The Validation Phase: Trust Issues With Speed
This is the part people underestimate. When something that used to take hours finishes in minutes, your first reaction isn’t celebration - it’s suspicion. I didn’t trust the output at first. I spent more time validating the computed variables than converting the code. Once the validations checked out, I brought it to leadership. They were just as excited. And honestly: that validation work was the most painful part - kudos to my team for helping close the loop.
- ~100k orders × ~100 velocity variables in Pandas: ~5–6hours → after optimization: ~2 hours
- ~5–7M orders same feature set in Pandas: not practical/ didn’t scale (for us) → DuckDB: under 10 minutes
- ~5–7M orders (1–2 test variables) in DuckDB: ~2 seconds
For one feature - num_orders_per_email_in_last_1_year - the story is basically this: Pandas tends to “loop each row → filter → count.” DuckDB turns the same intent into a single window function the engine can optimize.
Pandas# Pandas (simplified)
import pandas as pd
df["Order_Time"] = pd.to_datetime(df["Order_Datetime_ms"], unit="ms")
df = df.sort_values(["Customer_Email", "Order_Time"])
def num_orders_last_1y(row, group):
anchor_time = row["Order_Time"]
min_time = anchor_time - pd.DateOffset(years=1)
filtered = group[
(group["Order_Time"] >= min_time) &
(group["Order_Time"] <= anchor_time)
]
return filtered["Provider_Order_ID"].nunique()
df["num_orders_per_email_in_last_1_year"] = (
df.groupby("Customer_Email", group_keys=False)
.apply(lambda g: g.apply(lambda row: num_orders_last_1y(row, g), axis=1))
)DuckDB- DuckDB (simplified)
SELECT
Provider_Order_ID,
Customer_Email,
Order_Time,
COUNT(*) OVER (
PARTITION BY Customer_Email
ORDER BY Order_Time
RANGE BETWEEN INTERVAL '1 year' PRECEDING AND CURRENT ROW
) AS num_orders_per_email_in_last_1_year
FROM orders
ORDER BY Customer_Email, Order_Time;
Why DuckDB Was So Fast (Without the Lecture)
DuckDB is an in-process analytical database designed for OLAP workloads: large scans, aggregations, joins, analytical windows.
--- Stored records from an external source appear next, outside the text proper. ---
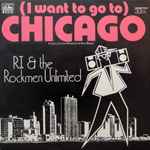 Cover of (I Want To Go To) Chicago, 1986, Vinyl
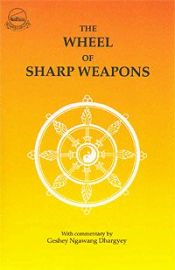 Wheel of Sharp Weapons: A Mahayana Training of the Mind / Dharmarakshita 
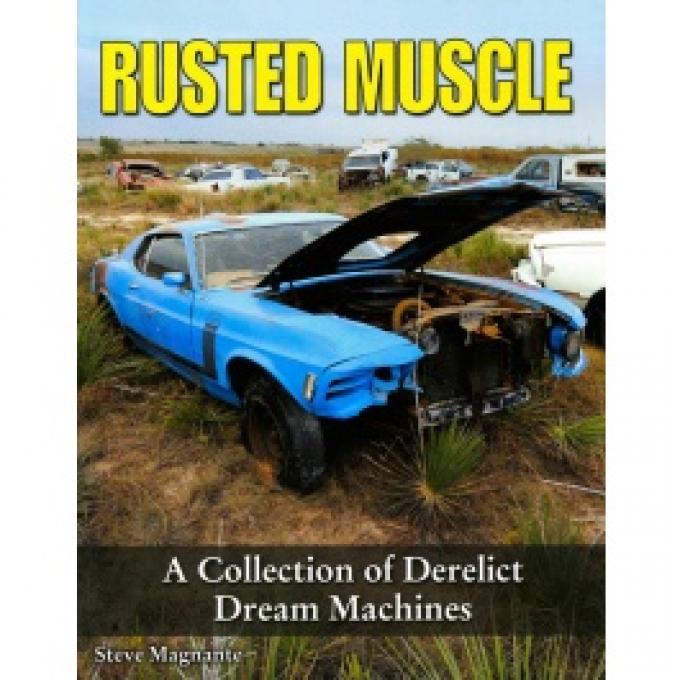 Rusted Muscle, A Collection Of Derelict Dream Machines, Book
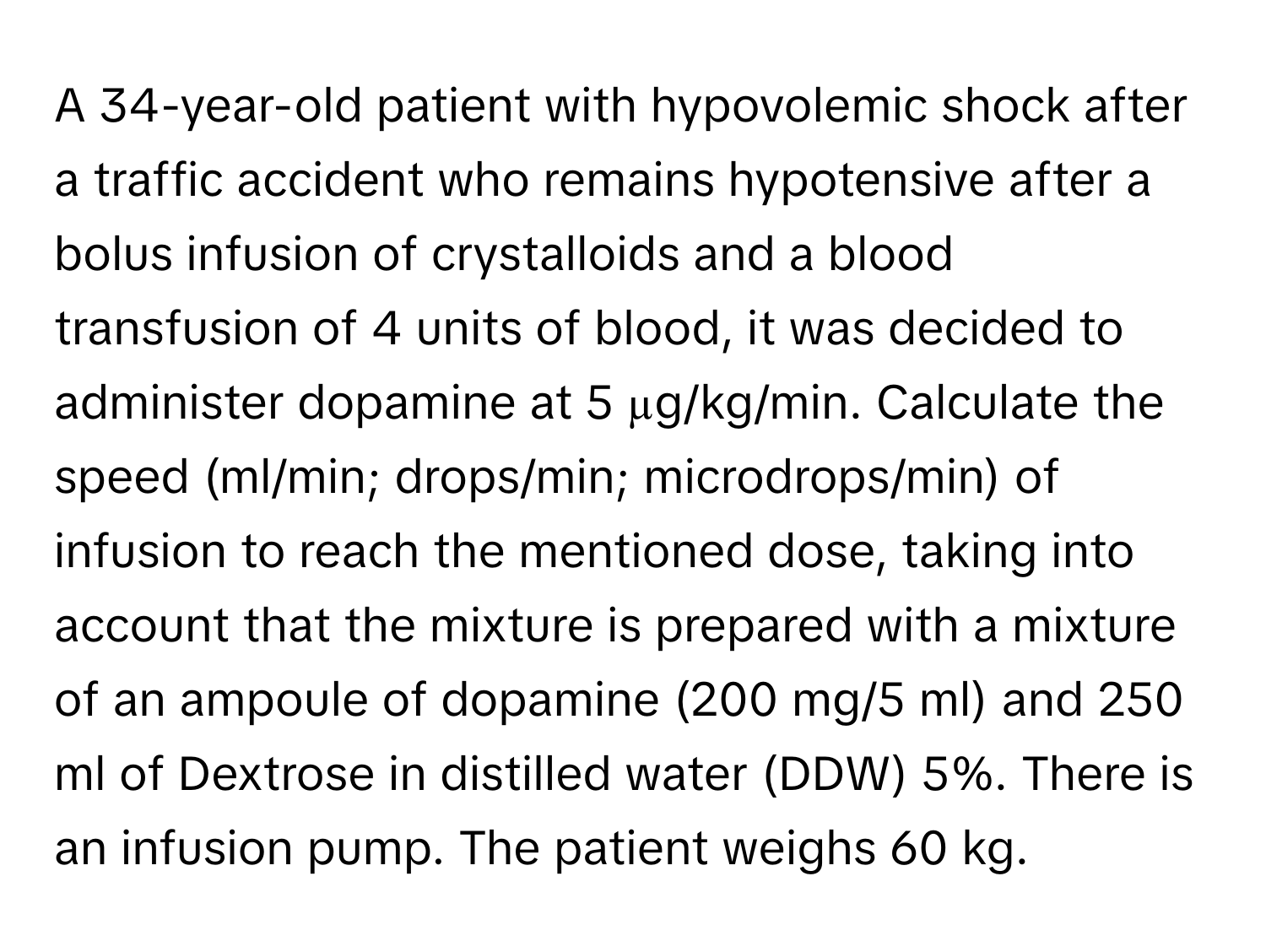 A 34-year-old patient with hypovolemic shock after a traffic accident who remains hypotensive after a bolus infusion of crystalloids and a blood transfusion of 4 units of blood, it was decided to administer dopamine at 5 µg/kg/min. Calculate the speed (ml/min; drops/min; microdrops/min) of infusion to reach the mentioned dose, taking into account that the mixture is prepared with a mixture of an ampoule of dopamine (200 mg/5 ml) and 250 ml of Dextrose in distilled water (DDW) 5%. There is an infusion pump. The patient weighs 60 kg.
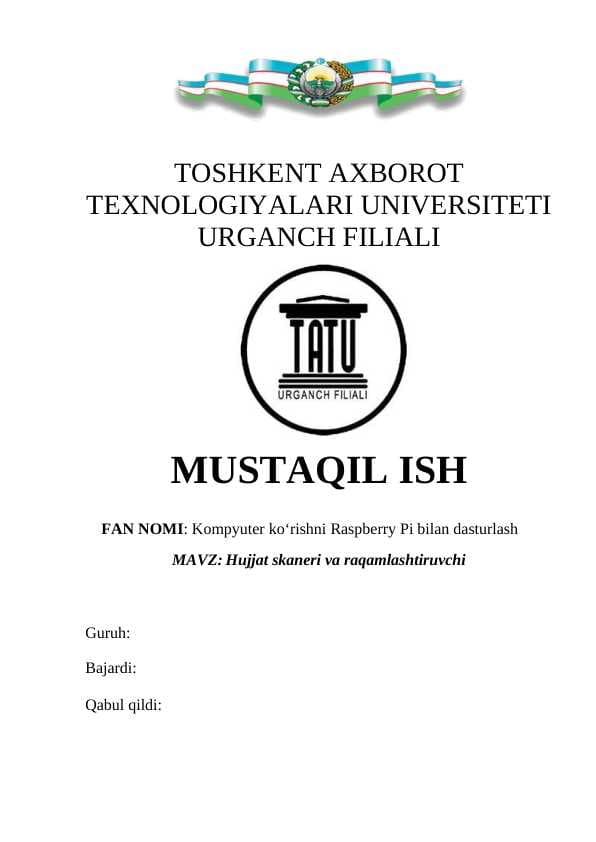Mustaqil_ish_Hujjat skaneri va raqamlashtiruvchi_Kompyuter ko‘rishni Raspberry Pi bilan dasturlash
It’s fast because it leans on columnar execution, vectorized processing, and a query planner that’s built to optimize this exact shape of work. And because it integrates cleanly with Parquet and Pandas/Arrow, it fits naturally into Python-heavy workflows.
Aha: This wasn’t “SQL vsPython.” It was picking an execution engine that matches the workload - and letting it do the heavy lifting.
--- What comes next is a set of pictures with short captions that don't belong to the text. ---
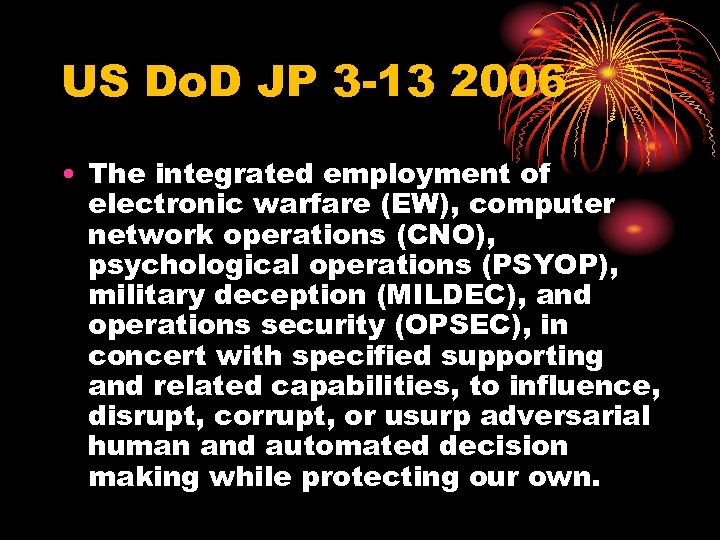 US Do. D JP 3 -13 2006 • The integrated employment of electronic warfare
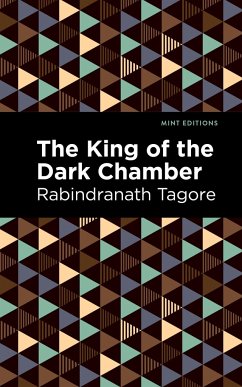 The King of the Dark Chamber - Tagore, Rabindranath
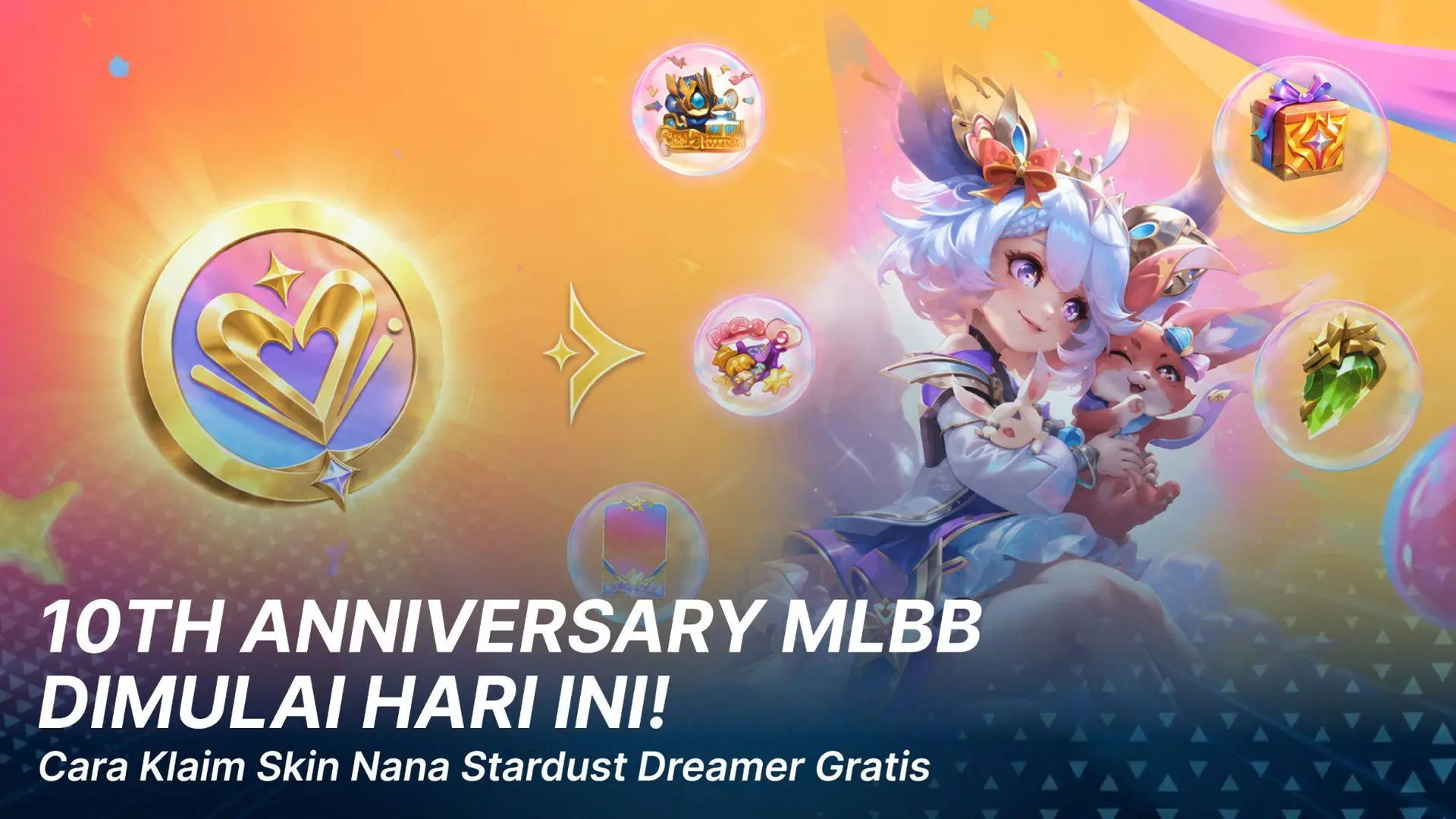 10th Anniversary MLBB Resmi Dimulai Hari Ini, Ini Cara Klaim Skin Nana Stardust Dreamer Gratis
When DuckDB Is Not the Right Tool
DuckDB is fantastic for heavy single-node analytics, but it’s not universal. It’s a poor fit if you truly need distributed compute at very large scale, if you need a multi-user transactional database, if your workload is continuous streaming, or if you need a centralized platform for governance across many teams.
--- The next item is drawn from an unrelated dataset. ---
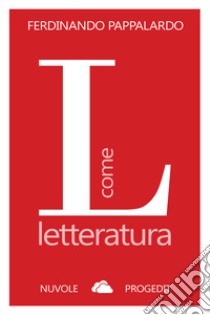 L come letteratura. E-book. Formato Mobipocket ebook di Ferdinando Pappalardo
The Outcome: Unlocking Auto-Onboarding
Once we moved feature computation to DuckDB, we unlocked auto-onboarding merchants. The same feature logic that used to be “offline-only” became practical to run reliably and frequently. That’s the part I like most: a focused change removed a systemic bottleneck and created real product leverage.
The lesson I took away wasn’t “rewrite everything in SQL.” It was simpler: pick the execution engine that matches the shape of your work. For us, DuckDB was the smallest change with the biggest upside - and it’s now a permanent tool in the toolbox.